Concrete, a material renowned for its robustness, flexibility, and cost-efficiency, is ubiquitously employed in a multitude of structural applications. Among its variants, High Strength Concrete (HSC), characterized by a compressive strength exceeding 40 MPa, has emerged as a focal point of interest in contemporary structural engineering research. The incorporation of Carbon Fibre Reinforced Polymer (CFRP), a high-strength composite material, as a strengthening agent in HSC structures represents a novel approach in the field. This study embarks on a comprehensive investigation to assess the efficacy of different configurations of CFRP strips in augmenting the strength of HSC cylinders. A total of fifteen HSC cylinders, each reinforced with a unique configuration of CFRP strips, were subjected to rigorous testing. The cylinders, cast using a standard mould, measured 150 mm in diameter and 300 mm in length. The experimental results revealed a significant enhancement in the strength of the CFRP-reinforced cylinders. Notably, cylinders reinforced with horizontal CFRP strips exhibited an increase in strength of approximately 68% compared to the unconfined specimens. This substantial increase underscores the potential of horizontal CFRP strip configuration in optimizing the strength of HSC structures. Moreover, an analysis of the stress-strain behavior of the CFRP-reinforced cylinders yielded insightful findings. Both the stress and strain behaviors of the CFRP-reinforced cylinders, irrespective of the CFRP strip configuration, surpassed those of the unconfined specimens. This observation affirms the role of CFRP strips in not only enhancing the strength but also improving the overall mechanical performance of HSC cylinders.

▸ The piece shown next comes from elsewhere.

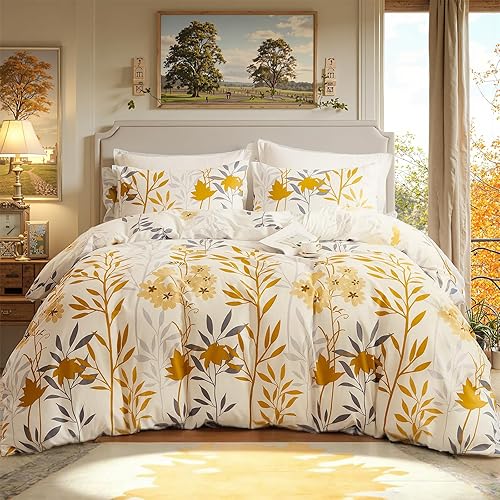 Miniatura 16 de Juego de edredón verde tamaño queen, 100% algodón reversible con patrón floral, juego de edredón de 3 piezas, edredón suave y ligero de algodón,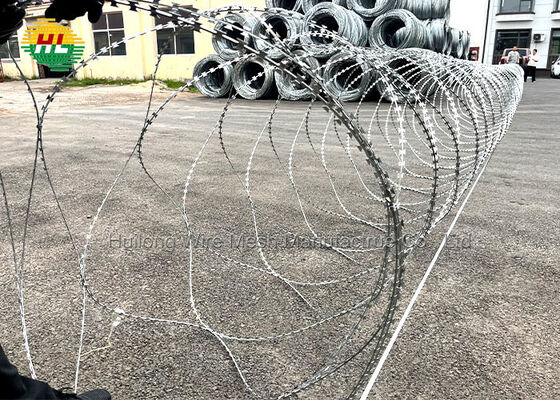 Hot Selling Hot Dipped Galvanized Egoza Wire Bto-16 Roll Concertina Double Strand Razor Blade Barbed Wire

In conclusion, the findings of this study unequivocally demonstrate that CFRP strips significantly enhance the strength of HSC cylinders. The results underscore the potential of CFRP strips, particularly in horizontal configuration, for widespread application in structural engineering, paving the way for more resilient and efficient concrete structures. Future research could explore the impact of varying the thickness and material properties of the CFRP strips to further optimize the performance of HSC structures. © 2024, Penerbit UTHM. All rights reserved.